Criteo also saw a 5% jump in its gross profit margin – a stand-in for its take rate. That’s a small increase but a large step up because take rates tend to be fairly stable. Also, the retargeting business, which is still declining, has a larger take rate than the high-growth retail media business.

Two investors asked for clarity regarding the take rate improvement, but there was no precise explanation.

Criteo’s traffic acquisition costs did drop by more than $30 million year over year, so part of the improved margin could also be that Criteo is more efficiently reaching audiences.

A rough year for addressability

There is bad news, despite the overall positive results.

Criteo confirmed its expected losses due to Chrome’s impending third-party deprecation. If Google does move forward with its Privacy Sandbox plans on its current timeline, Clarken said Criteo expects a revenue loss of about $30 million to $40 million in the back half of 2024, according to an internal analysis of the value of cookieless Chrome inventory.

That would be a relatively small part of the overall revenue hit, though, which would fall primarily in 2025.

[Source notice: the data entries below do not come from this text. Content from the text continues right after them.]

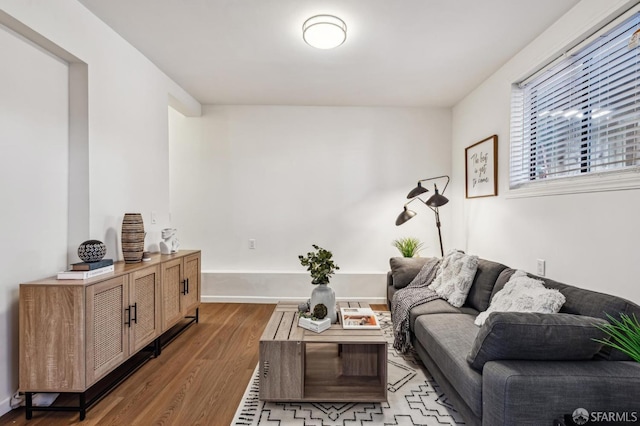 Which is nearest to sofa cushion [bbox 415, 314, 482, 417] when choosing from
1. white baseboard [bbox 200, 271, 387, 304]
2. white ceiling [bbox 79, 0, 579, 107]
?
white baseboard [bbox 200, 271, 387, 304]

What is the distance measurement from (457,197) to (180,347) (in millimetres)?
3640

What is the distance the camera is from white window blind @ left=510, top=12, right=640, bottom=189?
1.80 m

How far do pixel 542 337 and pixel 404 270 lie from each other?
77.8 inches

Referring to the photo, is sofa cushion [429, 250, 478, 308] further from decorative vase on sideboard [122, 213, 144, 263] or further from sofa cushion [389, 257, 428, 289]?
decorative vase on sideboard [122, 213, 144, 263]

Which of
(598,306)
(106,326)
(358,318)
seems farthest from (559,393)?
(106,326)

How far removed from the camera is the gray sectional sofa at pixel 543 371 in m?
1.29

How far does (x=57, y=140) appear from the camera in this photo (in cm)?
218

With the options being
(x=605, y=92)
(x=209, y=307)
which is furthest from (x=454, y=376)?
(x=209, y=307)

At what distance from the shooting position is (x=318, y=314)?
210 cm

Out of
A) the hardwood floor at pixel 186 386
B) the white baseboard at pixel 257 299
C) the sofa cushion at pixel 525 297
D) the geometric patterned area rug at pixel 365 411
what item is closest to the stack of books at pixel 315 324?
the geometric patterned area rug at pixel 365 411

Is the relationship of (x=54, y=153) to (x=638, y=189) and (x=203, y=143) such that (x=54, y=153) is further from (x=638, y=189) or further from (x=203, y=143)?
(x=638, y=189)

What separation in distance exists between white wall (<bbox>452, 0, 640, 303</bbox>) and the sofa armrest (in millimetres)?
680

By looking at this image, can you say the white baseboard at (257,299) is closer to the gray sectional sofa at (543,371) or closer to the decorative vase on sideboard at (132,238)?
the decorative vase on sideboard at (132,238)

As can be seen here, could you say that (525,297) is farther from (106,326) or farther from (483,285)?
(106,326) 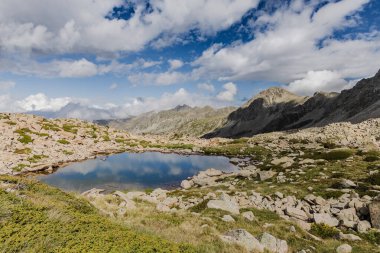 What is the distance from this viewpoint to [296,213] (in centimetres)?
2456

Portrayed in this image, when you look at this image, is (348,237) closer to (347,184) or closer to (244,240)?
(244,240)

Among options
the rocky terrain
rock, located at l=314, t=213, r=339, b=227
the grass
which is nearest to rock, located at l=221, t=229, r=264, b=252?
the rocky terrain

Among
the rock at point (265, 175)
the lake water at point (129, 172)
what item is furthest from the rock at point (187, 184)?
the rock at point (265, 175)

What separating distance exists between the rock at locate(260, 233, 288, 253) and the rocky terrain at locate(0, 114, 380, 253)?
0.20 feet

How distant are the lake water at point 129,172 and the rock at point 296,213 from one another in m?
23.4

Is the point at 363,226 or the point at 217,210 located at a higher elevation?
the point at 217,210

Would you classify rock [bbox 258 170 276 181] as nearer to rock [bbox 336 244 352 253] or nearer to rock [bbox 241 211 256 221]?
rock [bbox 241 211 256 221]

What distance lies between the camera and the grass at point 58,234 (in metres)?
8.64

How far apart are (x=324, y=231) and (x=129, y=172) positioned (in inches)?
1518

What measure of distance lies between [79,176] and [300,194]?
32.6m

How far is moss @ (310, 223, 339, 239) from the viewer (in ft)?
63.7

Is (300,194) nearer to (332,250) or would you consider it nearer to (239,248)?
(332,250)

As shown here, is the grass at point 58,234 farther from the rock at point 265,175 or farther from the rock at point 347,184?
the rock at point 265,175

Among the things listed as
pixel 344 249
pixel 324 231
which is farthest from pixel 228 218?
pixel 344 249
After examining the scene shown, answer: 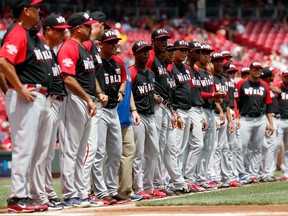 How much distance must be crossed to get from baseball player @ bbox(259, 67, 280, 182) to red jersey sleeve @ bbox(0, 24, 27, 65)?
841cm

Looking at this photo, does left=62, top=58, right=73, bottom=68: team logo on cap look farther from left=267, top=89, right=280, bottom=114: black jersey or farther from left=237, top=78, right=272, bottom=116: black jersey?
left=267, top=89, right=280, bottom=114: black jersey

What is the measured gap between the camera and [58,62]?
31.6 feet

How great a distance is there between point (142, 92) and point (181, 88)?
1424mm

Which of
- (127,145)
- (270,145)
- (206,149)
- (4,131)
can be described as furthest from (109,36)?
(4,131)

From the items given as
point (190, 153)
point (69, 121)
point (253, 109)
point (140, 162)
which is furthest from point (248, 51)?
point (69, 121)

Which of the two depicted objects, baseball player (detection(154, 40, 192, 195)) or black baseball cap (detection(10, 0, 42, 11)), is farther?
baseball player (detection(154, 40, 192, 195))

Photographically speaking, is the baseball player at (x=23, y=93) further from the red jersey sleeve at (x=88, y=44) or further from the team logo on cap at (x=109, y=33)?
the team logo on cap at (x=109, y=33)

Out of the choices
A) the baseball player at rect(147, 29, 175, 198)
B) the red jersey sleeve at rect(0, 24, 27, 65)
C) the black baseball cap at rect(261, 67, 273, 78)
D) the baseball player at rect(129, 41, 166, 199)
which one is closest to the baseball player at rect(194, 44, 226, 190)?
the baseball player at rect(147, 29, 175, 198)

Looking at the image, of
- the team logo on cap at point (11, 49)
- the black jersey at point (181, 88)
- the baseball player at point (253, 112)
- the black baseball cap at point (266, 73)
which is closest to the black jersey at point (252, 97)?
the baseball player at point (253, 112)

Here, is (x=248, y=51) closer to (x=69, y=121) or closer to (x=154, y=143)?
(x=154, y=143)

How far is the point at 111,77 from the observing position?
10695 millimetres

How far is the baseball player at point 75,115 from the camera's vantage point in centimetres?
948

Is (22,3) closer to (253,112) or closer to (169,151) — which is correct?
(169,151)

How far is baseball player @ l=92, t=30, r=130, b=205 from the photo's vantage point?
1039 centimetres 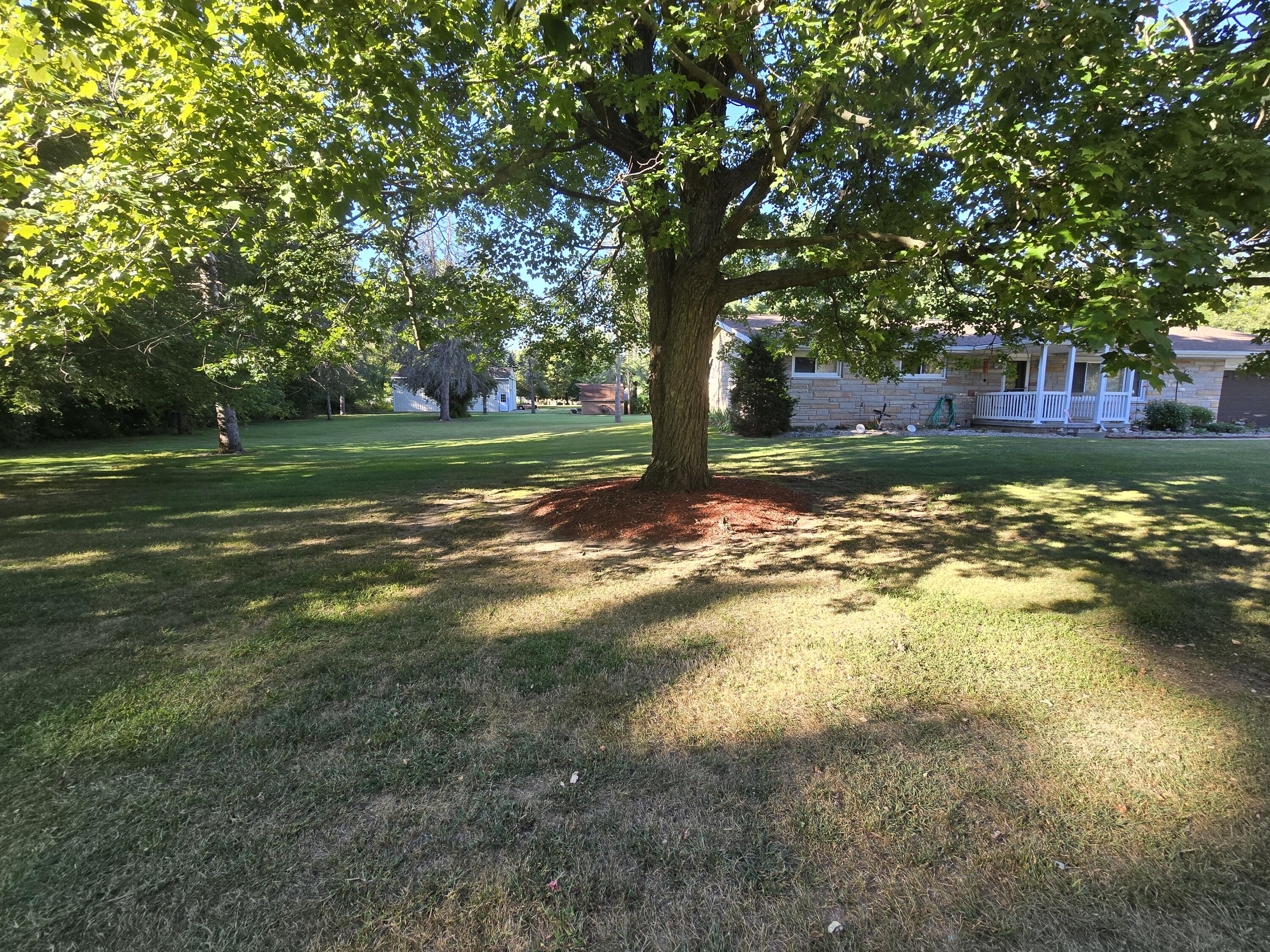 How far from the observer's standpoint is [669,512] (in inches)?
300

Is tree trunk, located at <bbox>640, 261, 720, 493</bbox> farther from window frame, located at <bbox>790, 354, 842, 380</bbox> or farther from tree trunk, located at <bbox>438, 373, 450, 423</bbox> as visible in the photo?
tree trunk, located at <bbox>438, 373, 450, 423</bbox>

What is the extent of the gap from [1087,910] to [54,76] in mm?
9185

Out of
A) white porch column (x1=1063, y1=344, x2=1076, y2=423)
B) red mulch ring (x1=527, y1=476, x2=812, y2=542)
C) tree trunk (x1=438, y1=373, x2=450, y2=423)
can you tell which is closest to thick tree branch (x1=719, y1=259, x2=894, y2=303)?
red mulch ring (x1=527, y1=476, x2=812, y2=542)

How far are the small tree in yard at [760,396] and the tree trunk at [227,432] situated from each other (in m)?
16.2

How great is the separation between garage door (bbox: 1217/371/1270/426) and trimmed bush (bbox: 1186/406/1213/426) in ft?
9.98

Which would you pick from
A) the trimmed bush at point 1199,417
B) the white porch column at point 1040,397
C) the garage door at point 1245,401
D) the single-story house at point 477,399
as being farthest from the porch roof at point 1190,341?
the single-story house at point 477,399

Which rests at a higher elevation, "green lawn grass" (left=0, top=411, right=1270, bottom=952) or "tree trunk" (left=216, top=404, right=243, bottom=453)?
"tree trunk" (left=216, top=404, right=243, bottom=453)

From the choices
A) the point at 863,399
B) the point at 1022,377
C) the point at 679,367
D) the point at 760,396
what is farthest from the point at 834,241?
the point at 1022,377

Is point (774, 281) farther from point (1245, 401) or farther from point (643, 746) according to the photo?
point (1245, 401)

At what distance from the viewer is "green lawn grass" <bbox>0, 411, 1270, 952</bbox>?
2045 millimetres

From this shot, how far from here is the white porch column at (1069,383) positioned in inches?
809

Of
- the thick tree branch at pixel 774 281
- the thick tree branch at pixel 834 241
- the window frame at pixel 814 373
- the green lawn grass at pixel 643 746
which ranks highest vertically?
the thick tree branch at pixel 834 241

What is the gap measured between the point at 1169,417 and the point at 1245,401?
595cm

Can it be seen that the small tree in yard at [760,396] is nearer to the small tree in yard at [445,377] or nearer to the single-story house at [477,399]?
the small tree in yard at [445,377] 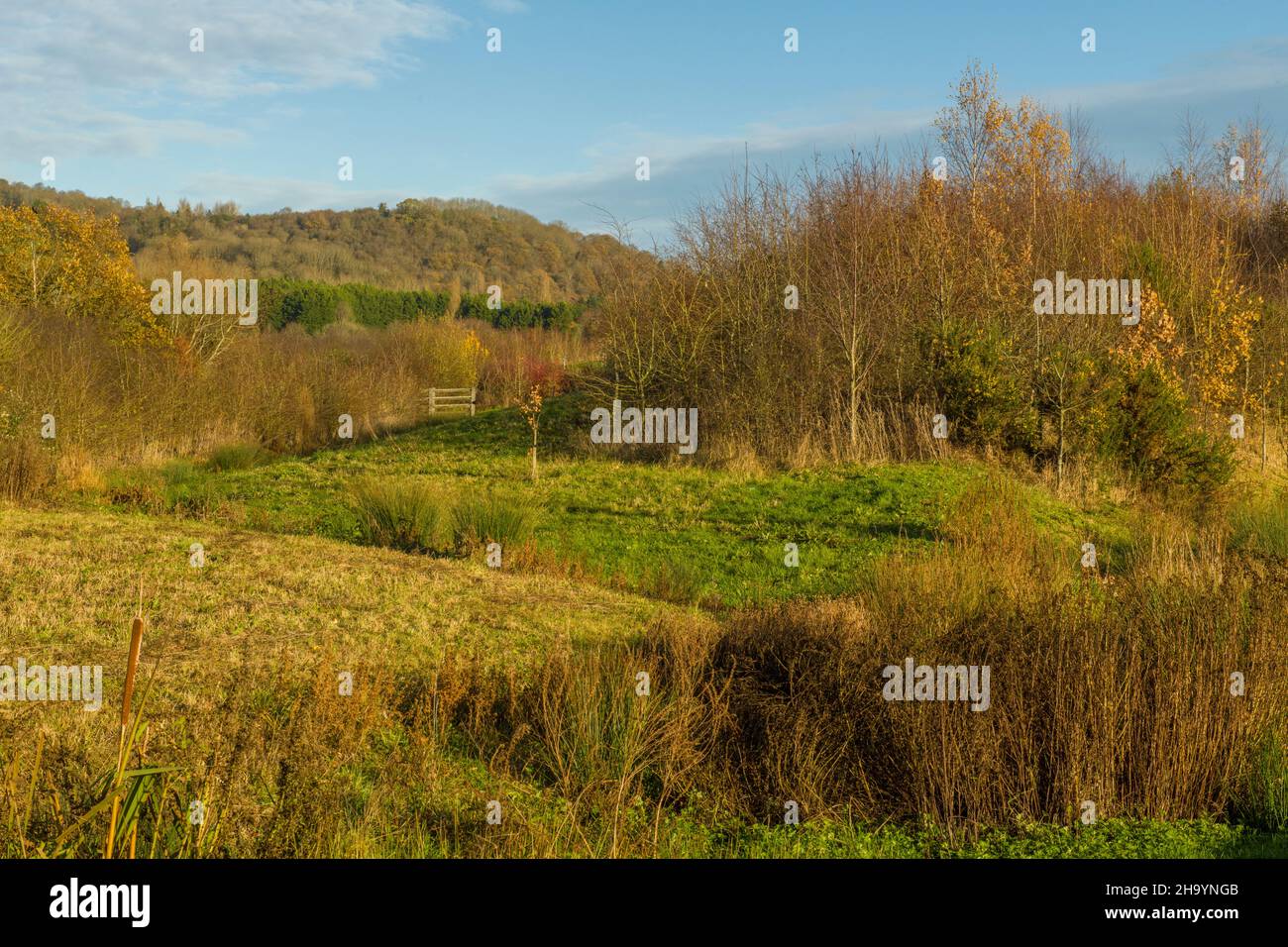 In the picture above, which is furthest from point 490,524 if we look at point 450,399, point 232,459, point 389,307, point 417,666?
point 389,307

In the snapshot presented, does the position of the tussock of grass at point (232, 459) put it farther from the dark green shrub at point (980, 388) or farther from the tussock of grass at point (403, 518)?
the dark green shrub at point (980, 388)

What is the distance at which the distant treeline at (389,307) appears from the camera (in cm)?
6347

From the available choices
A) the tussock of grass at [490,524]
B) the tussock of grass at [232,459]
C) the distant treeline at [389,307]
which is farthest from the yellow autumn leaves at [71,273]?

Clarken told AdExchanger the company is well prepared for a cookieless future, despite the tough revenue headwinds in the first year without cookies. The company just reached another benchmark, she added, by having a 50-50 split between inventory it bids on that has or does not have a third-party cookie attached. Five years ago, more than 95% of Criteo’s bids were on third-party cookie-based impressions.

“The trick is how you maintain addressability when the oldest mechanism for one-to-one targeting is taken away,” she said.

Without naming names, Clarken called out other ad tech players (*cough* The Trade Desk *cough*) that have distanced themselves from the Chrome Privacy Sandbox. Ad tech players need to be engaging in the Privacy Sandbox, she said, or they’re forgoing the chance to run personalized ads to one of the biggest pools of online audiences.

Clarken also told investors there’s more of a “spectrum of addressability” now.

The Privacy Sandbox, for instance, doesn’t enable user-level targeting just like cookies did, but does allow batches of users or very precise profiles of a type of user to be targeted using first-party data.

Social platforms and other partners like Shopify have other forms of addressability. They allow customer list targeting and personalized messaging to customers, for instance, though they don’t export user-level data back out to advertiser CRMs, like how advertisers used to be able to track individual users with third-party cookies across sites and online checkout pages.

With third-party cookies and other identity signals clearing out of programmatic, “the race now is to maintain continuity of addressability,” Clarken told AdExchanger.

“Some players are focusing on one method,” she said. “We’re focusing on as many [methods] as we can support and develop.”